------ MATERIAL TO PROCESS ------
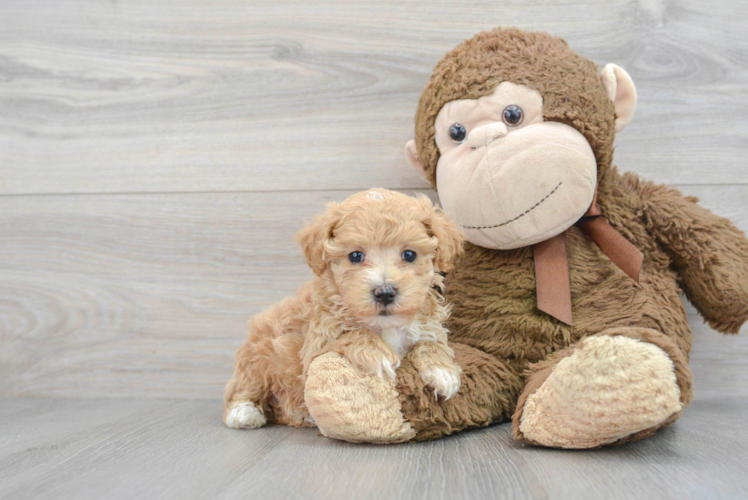 Best Maltipoo Baby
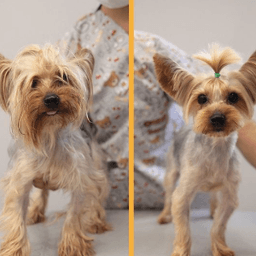 Petzz K. profil fotoğrafı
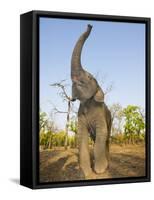 Asian Indian Elephant Holding Trunk in the Air, Bandhavgarh National Park, India. 2007-Tony Heald-Framed Stretched Canvas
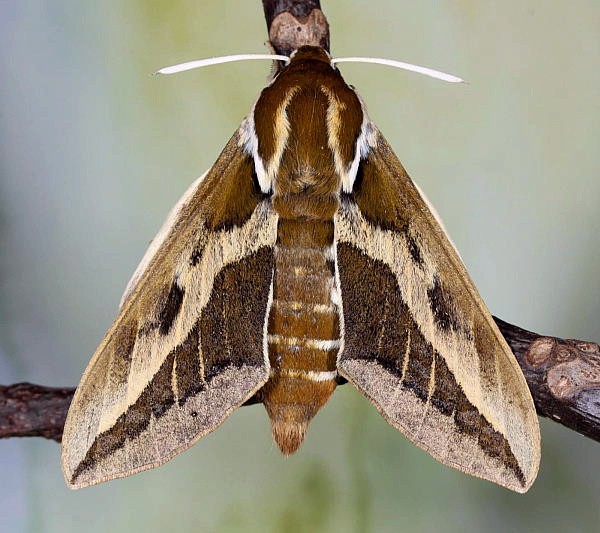 Female Hyles tithymali gecki, Madeira. Photo: &copy; Jean Haxaire.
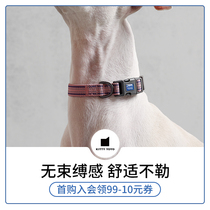  KittyYoyo basic dog collar Dog collar neck ring Cat collar collar traction rope Small dog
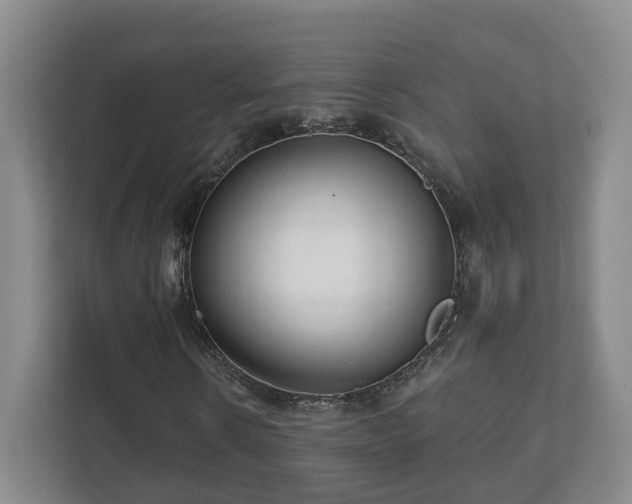 X0000112390914200908201539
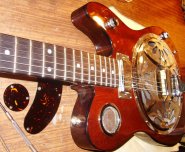 F.Tele Resonator-3.jpg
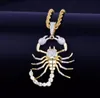 Animal Scorpion Hip Hop Pendant med 18k gult guldhalsband kubik zirkon Men039s halsbandsmycken för gåva5745928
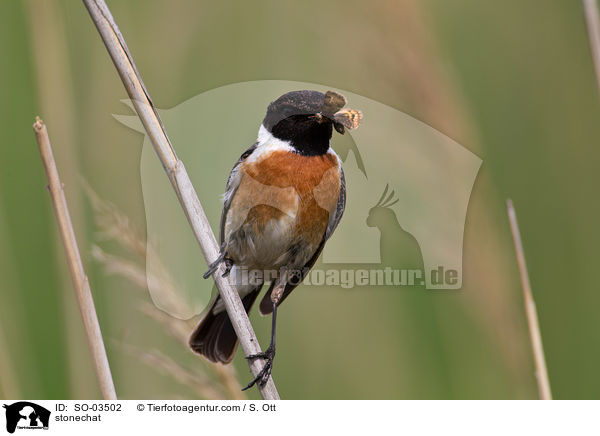 Schwarzkehlchen / stonechat / SO-03502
------
REQUIRED ACTION: All lines from the one that contains "Female Hyles tithymali" through the last line of the data should be retyped exactly, with the pictures left out.

THE ANSWER:
 Female Hyles tithymali gecki, Madeira. Photo: &copy; Jean Haxaire.
  KittyYoyo basic dog collar Dog collar neck ring Cat collar collar traction rope Small dog
 X0000112390914200908201539
 F.Tele Resonator-3.jpg
 Animal Scorpion Hip Hop Pendant med 18k gult guldhalsband kubik zirkon Men039s halsbandsmycken för gåva5745928
 Schwarzkehlchen / stonechat / SO-03502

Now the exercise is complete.